Once you've aced the main interviews (HR, technical, LiveCoding), you might already be in line for an offer. But sometimes, there's also an interview with your prospective manager. This interview doesn’t feel as daunting: if you've gotten this far, they're probably seriously interested in you. However, it's still crucial for your future role.

This stage gives you a chance to learn about the project and meet your future team. You might be asked about your motivation, how you handle conflicts and problems, your stance on overtime, etc. In this lecture, we'll discuss what can impress or turn off managers.

Manager Interview Stages

  • Project Discussion: You'll talk about your potential tasks and the specifics of the job. Don’t hesitate to ask questions if something piques your interest.
  • Key Questions:
    • Your Motivation: Managers value working with motivated individuals.
    • Overtime: Don’t outright refuse all overtime. That might limit your job prospects. Overtime isn’t fun, but it's a reality in our field. However, endless overtime is a red flag, indicating poor management. A mature response would be agreeing to occasional overtime, like once every six months.
    • Conflict Resolution: You might be given a scenario, like someone criticizing your code. This is where your soft skills come into play. The smart approach is to discuss with the person, understand their viewpoint, and present your arguments.

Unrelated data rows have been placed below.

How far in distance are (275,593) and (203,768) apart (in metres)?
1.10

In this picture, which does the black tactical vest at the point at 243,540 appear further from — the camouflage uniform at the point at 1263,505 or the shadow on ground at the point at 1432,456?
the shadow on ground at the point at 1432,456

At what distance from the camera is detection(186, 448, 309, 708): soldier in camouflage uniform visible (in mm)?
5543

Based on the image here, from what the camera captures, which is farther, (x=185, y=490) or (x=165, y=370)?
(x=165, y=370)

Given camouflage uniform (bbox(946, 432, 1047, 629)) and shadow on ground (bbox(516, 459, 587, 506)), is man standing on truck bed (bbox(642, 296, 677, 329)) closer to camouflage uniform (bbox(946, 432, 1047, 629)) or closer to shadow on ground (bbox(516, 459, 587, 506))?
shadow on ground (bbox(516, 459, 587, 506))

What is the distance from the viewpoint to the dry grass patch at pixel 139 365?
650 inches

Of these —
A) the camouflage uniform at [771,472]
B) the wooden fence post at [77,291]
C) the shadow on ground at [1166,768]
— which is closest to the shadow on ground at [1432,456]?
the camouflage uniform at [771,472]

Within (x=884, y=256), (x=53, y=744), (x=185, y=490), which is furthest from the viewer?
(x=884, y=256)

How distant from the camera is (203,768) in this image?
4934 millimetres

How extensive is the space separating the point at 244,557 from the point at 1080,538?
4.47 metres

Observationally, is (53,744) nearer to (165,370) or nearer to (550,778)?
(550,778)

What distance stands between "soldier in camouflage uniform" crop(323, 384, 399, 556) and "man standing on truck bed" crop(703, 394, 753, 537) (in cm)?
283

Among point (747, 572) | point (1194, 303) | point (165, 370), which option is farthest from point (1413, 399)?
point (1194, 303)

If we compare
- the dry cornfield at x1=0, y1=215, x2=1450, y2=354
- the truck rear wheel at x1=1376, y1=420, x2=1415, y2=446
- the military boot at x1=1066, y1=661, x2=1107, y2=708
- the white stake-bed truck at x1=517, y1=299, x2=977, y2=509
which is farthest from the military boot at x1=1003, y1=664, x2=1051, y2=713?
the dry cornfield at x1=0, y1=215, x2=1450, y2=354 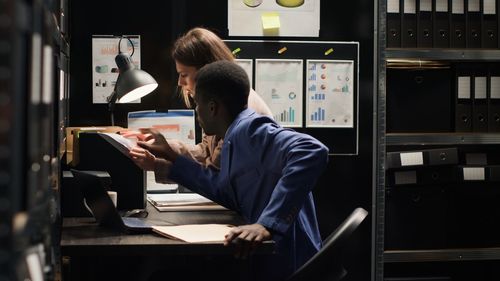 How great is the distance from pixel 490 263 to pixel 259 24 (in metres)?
1.54

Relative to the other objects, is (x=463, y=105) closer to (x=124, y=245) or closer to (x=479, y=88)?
(x=479, y=88)

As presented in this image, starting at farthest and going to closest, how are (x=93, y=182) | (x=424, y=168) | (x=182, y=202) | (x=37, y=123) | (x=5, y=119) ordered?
(x=424, y=168) < (x=182, y=202) < (x=93, y=182) < (x=37, y=123) < (x=5, y=119)

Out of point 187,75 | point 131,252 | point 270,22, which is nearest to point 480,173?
point 270,22

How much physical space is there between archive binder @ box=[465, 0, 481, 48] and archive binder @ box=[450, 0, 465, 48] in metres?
0.02

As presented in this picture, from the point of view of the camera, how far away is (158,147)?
2.40 metres

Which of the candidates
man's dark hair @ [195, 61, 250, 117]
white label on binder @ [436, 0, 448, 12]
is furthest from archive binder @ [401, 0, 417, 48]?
man's dark hair @ [195, 61, 250, 117]

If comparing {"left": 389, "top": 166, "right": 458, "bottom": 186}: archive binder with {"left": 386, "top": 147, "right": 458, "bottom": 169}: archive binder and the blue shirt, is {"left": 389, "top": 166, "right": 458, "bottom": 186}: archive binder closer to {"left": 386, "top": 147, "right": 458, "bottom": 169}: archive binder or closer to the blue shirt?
{"left": 386, "top": 147, "right": 458, "bottom": 169}: archive binder

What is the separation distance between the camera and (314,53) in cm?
358

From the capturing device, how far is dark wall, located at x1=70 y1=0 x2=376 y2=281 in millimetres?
3449

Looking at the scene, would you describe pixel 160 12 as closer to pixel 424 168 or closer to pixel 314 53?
pixel 314 53

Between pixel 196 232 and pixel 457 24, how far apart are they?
1.94 meters

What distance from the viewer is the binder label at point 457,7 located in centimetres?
341

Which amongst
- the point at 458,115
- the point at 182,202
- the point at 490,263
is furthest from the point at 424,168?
the point at 182,202

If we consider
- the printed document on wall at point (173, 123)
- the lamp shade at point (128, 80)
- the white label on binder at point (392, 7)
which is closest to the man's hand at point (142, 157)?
the lamp shade at point (128, 80) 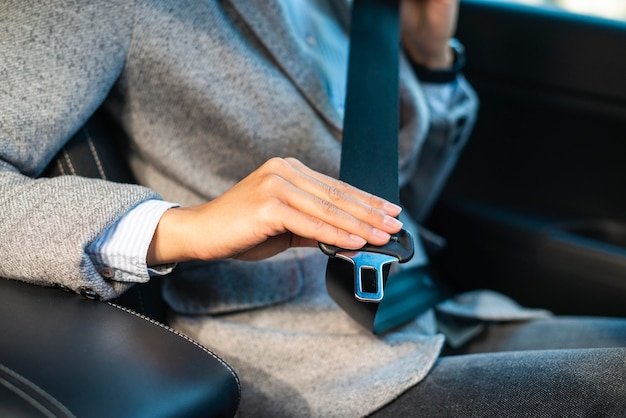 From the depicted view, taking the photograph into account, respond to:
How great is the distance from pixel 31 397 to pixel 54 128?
297 millimetres

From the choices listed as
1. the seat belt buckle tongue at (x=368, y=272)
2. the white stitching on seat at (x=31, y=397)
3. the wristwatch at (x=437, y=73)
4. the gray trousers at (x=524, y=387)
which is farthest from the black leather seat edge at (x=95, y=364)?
the wristwatch at (x=437, y=73)

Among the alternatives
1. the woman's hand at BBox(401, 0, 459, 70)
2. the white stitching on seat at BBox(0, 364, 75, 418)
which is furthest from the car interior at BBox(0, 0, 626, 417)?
the white stitching on seat at BBox(0, 364, 75, 418)

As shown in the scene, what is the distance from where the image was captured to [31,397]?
0.52 meters

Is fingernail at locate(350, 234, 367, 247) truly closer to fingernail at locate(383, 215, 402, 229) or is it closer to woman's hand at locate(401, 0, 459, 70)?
fingernail at locate(383, 215, 402, 229)

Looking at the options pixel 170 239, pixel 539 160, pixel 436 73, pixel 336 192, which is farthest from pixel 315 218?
pixel 539 160

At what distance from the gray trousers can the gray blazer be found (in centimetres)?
21

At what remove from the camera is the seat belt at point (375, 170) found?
24.7 inches

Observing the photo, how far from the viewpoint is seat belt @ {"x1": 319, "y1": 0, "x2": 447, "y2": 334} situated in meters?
0.63

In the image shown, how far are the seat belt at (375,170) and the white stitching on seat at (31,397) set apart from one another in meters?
0.25

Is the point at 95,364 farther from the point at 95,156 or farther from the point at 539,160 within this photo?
the point at 539,160

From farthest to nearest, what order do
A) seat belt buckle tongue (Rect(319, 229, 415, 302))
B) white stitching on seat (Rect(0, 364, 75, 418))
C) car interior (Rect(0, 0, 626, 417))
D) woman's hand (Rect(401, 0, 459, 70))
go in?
car interior (Rect(0, 0, 626, 417)), woman's hand (Rect(401, 0, 459, 70)), seat belt buckle tongue (Rect(319, 229, 415, 302)), white stitching on seat (Rect(0, 364, 75, 418))

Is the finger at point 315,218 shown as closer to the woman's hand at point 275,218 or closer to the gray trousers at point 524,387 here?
the woman's hand at point 275,218

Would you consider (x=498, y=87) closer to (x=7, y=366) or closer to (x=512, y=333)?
(x=512, y=333)

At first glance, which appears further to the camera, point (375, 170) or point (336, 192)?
point (375, 170) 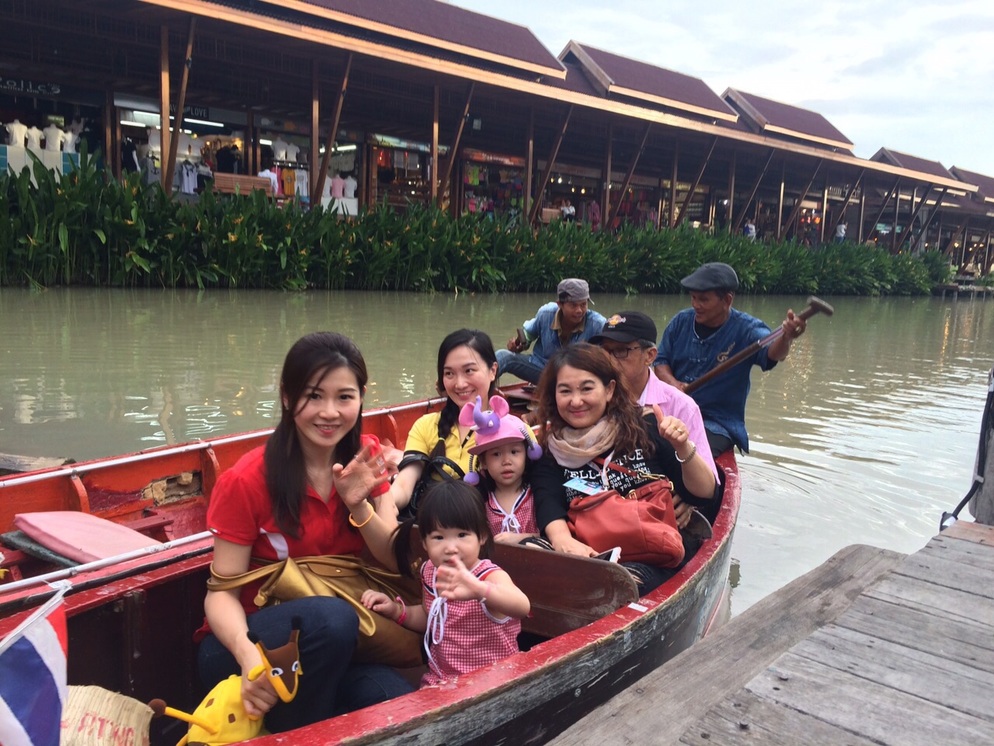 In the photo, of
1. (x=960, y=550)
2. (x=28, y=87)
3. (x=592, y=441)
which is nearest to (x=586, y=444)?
(x=592, y=441)

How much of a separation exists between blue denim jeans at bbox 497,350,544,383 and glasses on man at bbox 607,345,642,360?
2.77 meters

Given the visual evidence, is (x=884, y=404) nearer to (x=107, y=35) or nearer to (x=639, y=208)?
(x=107, y=35)

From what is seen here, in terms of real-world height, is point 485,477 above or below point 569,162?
below

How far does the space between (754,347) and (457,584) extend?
264cm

If the issue remains unresolved, involve a third person for an unbiased opinion.

Offer-Stage Interview

If you pass the manager interview, next comes the offer. You might get a call, an email, or be invited to the office. This stage involves discussing salary (recall Lecture 1.2 on calculating your "self-worth"), company perks (like health insurance, gym membership, etc.). Feel free to ask questions and clarify your start date. This interview is generally pleasant and straightforward.